El célebre monólogo de Medea es uno de los más conmovedores que se hayan escrito para reflejar la condición subordinada de la mujer, su rol de ciudadana de segunda. Eurípides nos hace compadecer a Medea y no a Jasón, que queda como un emblema del orgullo masculino, con desmedidas ambiciones de poder. En el final de la tragedia ella se eleva al cielo sobre “el magno carro del sol”, orgullosa de su despiadada crueldad. Ella luchó por el amor, él, por el poder, casándose con la hija de Creonte para convertirse en rey.
Medea defendió su derecho a ser tomada en cuenta, a ser respetada. Criticó en el hombre la inconsecuencia entre sus palabras y sus actos. “Quiero morir porque mi esposo era todo para mí y ahora resulta ser el peor de los hombres”, clamó. “De todas las criaturas que tienen mente y alma no hay especie más mísera que la de la mujer (…) Debe tornarse adivina pues de soltera nada aprendió sobre cómo ha de comportarse con su esposo (…) Si el varón se aburre de estar con la familia, pone fin a su hastío en la calle. Nosotras no tenemos otras personas a quienes mirar”. Medea argumenta que Jasón puede recurrir a sus padres, a sus amigos y a los goces de la vida. Pero ella, en tanto extranjera, es víctima de la reacción frente a lo desconocido (“Hay quienes no conociendo la entraña del prójimo, lo contemplan con odio, sin que haya habido ninguna ofensa”) y vive “sin patria, sin madre, hermanos o parientes en los que echar ancla frente a la desgracia”.

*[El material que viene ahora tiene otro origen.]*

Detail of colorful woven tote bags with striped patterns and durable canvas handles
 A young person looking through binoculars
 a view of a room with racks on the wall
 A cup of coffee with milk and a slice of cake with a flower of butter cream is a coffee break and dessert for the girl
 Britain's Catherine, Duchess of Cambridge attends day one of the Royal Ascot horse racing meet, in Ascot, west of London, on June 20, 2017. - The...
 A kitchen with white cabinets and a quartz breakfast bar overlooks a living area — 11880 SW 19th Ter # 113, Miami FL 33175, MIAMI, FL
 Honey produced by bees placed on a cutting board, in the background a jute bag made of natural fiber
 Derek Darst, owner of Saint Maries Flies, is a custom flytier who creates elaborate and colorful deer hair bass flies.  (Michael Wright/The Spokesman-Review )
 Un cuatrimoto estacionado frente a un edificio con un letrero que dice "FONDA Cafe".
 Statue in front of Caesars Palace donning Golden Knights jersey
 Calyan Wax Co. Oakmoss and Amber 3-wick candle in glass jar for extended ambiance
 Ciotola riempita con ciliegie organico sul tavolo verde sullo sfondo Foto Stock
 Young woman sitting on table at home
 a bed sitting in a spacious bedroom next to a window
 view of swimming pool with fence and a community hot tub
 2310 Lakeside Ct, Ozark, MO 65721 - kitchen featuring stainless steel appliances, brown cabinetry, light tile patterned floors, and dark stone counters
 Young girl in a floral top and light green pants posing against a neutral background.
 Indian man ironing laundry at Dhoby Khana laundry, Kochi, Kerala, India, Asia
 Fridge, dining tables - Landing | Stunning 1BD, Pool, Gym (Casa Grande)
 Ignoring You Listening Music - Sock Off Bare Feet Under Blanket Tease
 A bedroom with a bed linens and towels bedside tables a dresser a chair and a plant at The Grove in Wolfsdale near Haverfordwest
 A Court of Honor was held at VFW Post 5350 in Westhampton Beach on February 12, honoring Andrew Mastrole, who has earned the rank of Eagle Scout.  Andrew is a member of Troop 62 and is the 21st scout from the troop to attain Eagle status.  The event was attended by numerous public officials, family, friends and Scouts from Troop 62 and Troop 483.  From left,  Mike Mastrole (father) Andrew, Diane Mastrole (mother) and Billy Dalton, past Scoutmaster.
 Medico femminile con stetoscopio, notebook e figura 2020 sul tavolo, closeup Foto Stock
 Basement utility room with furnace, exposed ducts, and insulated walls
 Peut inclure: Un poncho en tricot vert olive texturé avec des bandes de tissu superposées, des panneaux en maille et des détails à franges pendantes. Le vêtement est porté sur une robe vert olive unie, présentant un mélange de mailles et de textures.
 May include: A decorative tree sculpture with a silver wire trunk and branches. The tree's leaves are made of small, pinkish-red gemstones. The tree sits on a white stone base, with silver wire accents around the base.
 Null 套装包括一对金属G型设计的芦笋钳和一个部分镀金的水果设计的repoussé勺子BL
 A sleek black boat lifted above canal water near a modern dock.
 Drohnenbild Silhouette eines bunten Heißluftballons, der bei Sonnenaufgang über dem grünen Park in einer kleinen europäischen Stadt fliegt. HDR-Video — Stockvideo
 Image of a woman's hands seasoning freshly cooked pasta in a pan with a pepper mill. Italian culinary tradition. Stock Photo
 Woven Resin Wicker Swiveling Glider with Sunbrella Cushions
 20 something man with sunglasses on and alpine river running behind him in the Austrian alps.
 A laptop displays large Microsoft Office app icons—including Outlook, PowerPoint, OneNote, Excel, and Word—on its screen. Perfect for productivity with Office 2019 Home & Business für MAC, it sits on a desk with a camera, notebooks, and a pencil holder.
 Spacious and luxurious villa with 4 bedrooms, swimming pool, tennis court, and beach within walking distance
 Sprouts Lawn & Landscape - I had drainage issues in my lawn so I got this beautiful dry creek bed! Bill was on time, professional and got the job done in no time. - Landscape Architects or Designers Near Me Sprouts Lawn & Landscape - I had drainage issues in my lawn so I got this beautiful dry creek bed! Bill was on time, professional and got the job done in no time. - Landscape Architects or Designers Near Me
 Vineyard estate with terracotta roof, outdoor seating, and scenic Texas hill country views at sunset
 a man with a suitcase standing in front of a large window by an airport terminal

Como toda tragedia, la de Adriana Cruz no expresa sólo la irracionalidad de un individuo. Es un espejo con una imagen que agranda, una manifestación extrema de conductas humanas muy frecuentes. La de tomar a los hijos como instrumentos de venganza. La de sentir el corazón exasperado de celos. La de toda mujer que no puede renunciar a un hombre. Si sabemos mirar, tal vez refleje algún destello de nuestros propios infortunios.